While some have found the film "disengaged," I found that it pulled at the viewer's conscience through the central characters, not only Bana's Israeli agent Avner and his cohorts, most of who slowly find themselves gnawed by doubts of their mission's morality and effectiveness, but also smaller characters as well, drawn with indelible deftness—the weary ex-French Resistance fighter now a trader in deadly information to stateless agents because of his cynicism about recurrent corrupt regimes replacing each other, or the PLO operative who debates Palestinian strategy and justification with Avner, who he wrongly believes to be a German left-wing terrorist who is "soft" on Jews because of the Holocaust. The economy of Spielberg's film-making is breathtaking in hindsight, so that what at first seems a relatively flat and emotionless exercise in historical recreation slowly seeps into one's subconscious and then moves upward, in quick bursts of sudden bursts of emotional and intellectual recognition by the viewer. These are real human beings, these are fighters in a war they believe in desperately and whose people have suffered terribly yet can find no real peace.
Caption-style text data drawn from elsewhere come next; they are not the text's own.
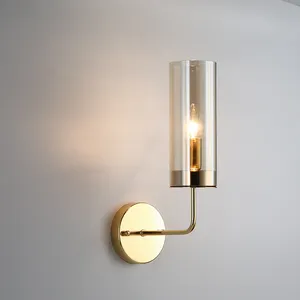 Metallic franse gold finish wandlamp moderne decoratieve cilinder handgeblazen glazen muur scone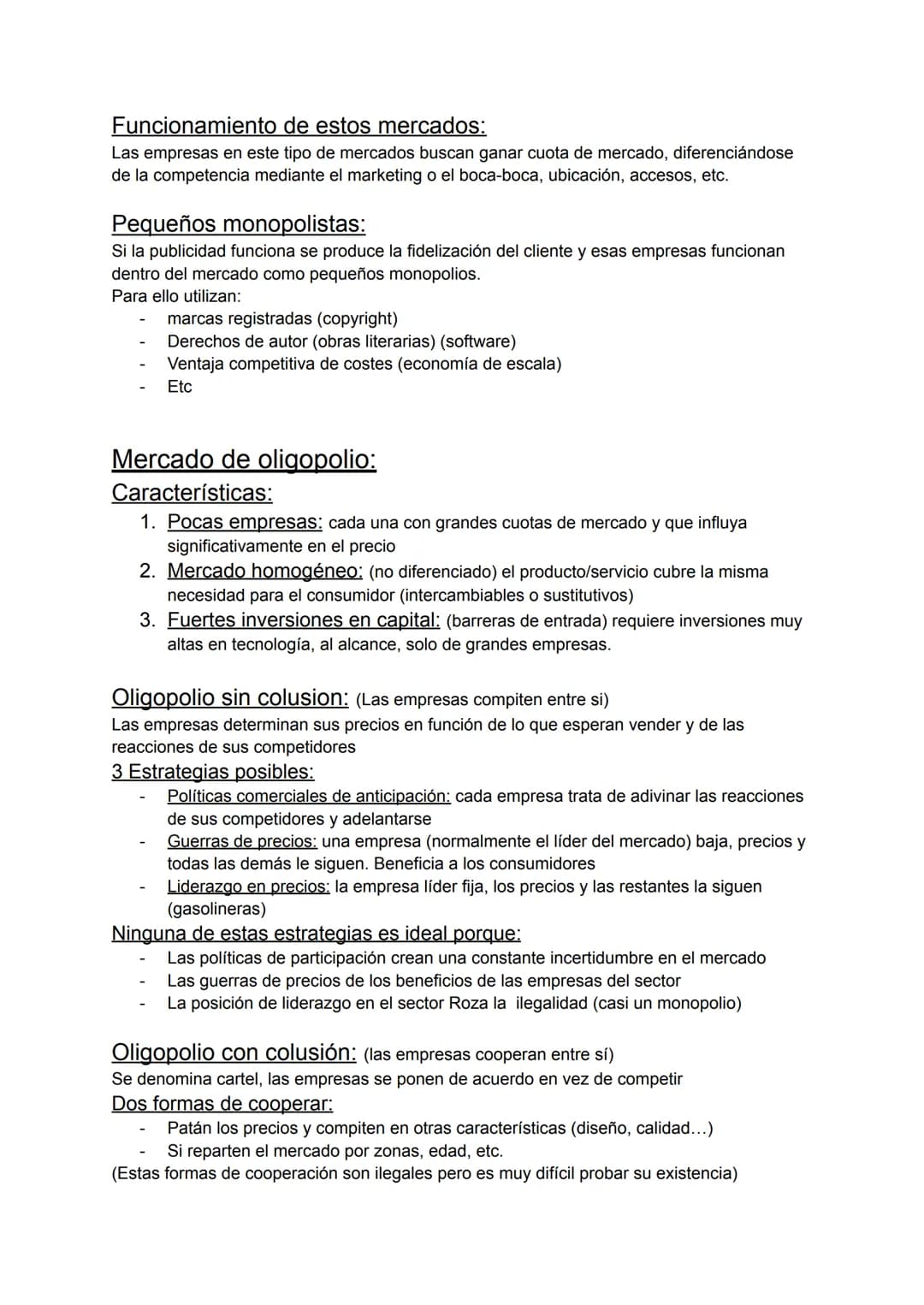 TEMA 5: TIPOS DE MERCADO
El mercado y la competencia
Según Adam Smith sólo los mercados en situación ideal se comportan según el libre juego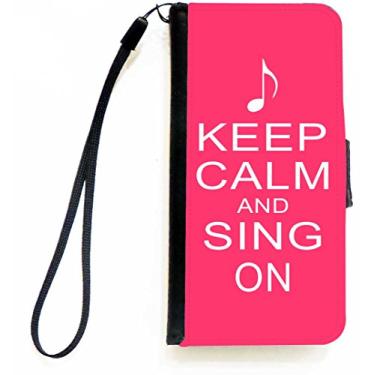 Imagem de Rikki Knight Keep Calm and Sing On Capa carteira rosa tropical com aba magnética para Apple iPhone 4 e 4s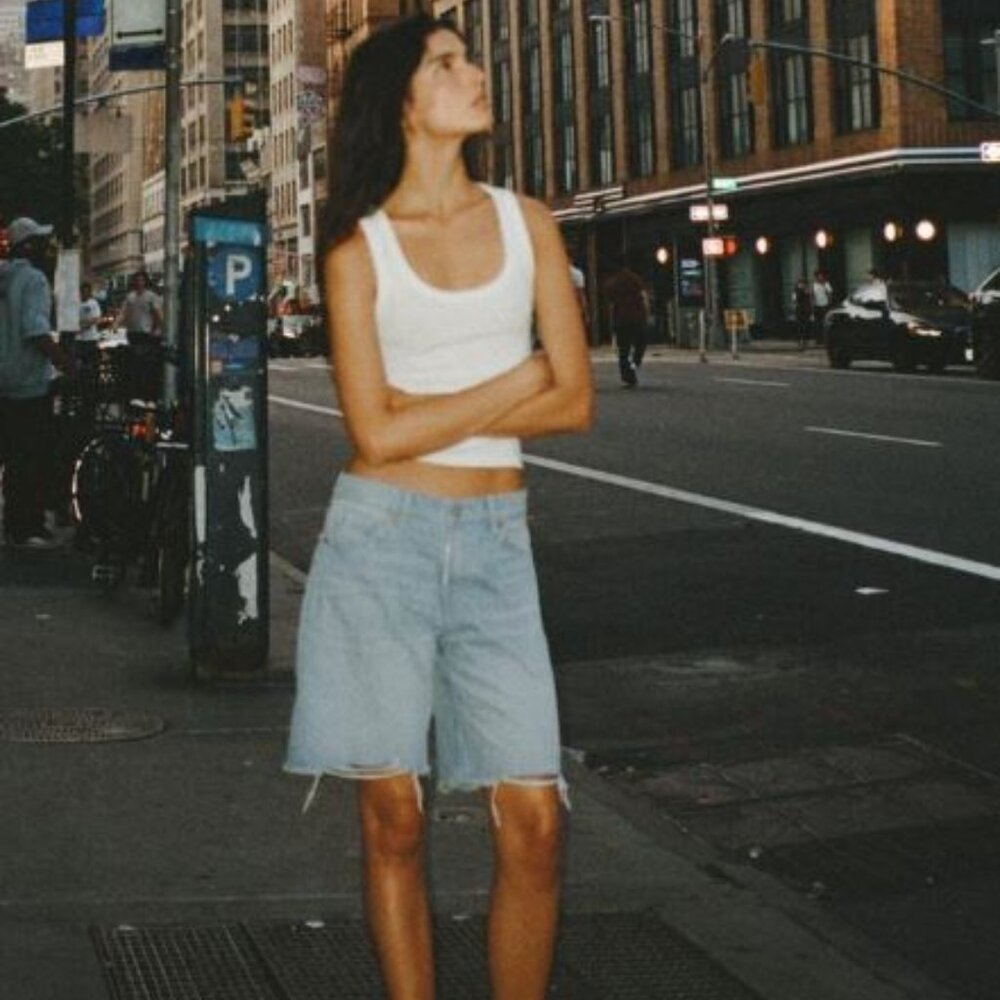 MID-RISE RIPPED TRF DENIM SHORTS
For this Kushner and Roth's screenplay must get much credit, the crisp narrative development intertwined with intellectually rigorous set pieces and flat-out armrest-clutching actions sequences. John Williams, who has managed to be understated in the past, is equally adept at building (or feinting) tension and subtly commenting on character development. Check out the slightly dissonant piano in the last scene to see what I mean. Longtime Spielberg collaborator Janusz Kaminski creates some amazing framing devices, especially as the action sequences are about to unfold and during moments of intimate conversations imbued with tension. Michael Kahn's editing is crisp and occasionally startling, as in the way the conclusion of the horrifically bungled Munich "rescue" is related. The retelling of the entire event from break-in to conclusion is doled out in bits and pieces in what seems at first an attempt to soften its impact but in the end, entwined as it is with all of the complicated issues, is finally revealed as a masterful means of achieving the fully deserved emotional impact within a complexly rendered ideological, moral and strategic matrix. There is not a false note in any of the acting, and the casting is uniformly spot-on.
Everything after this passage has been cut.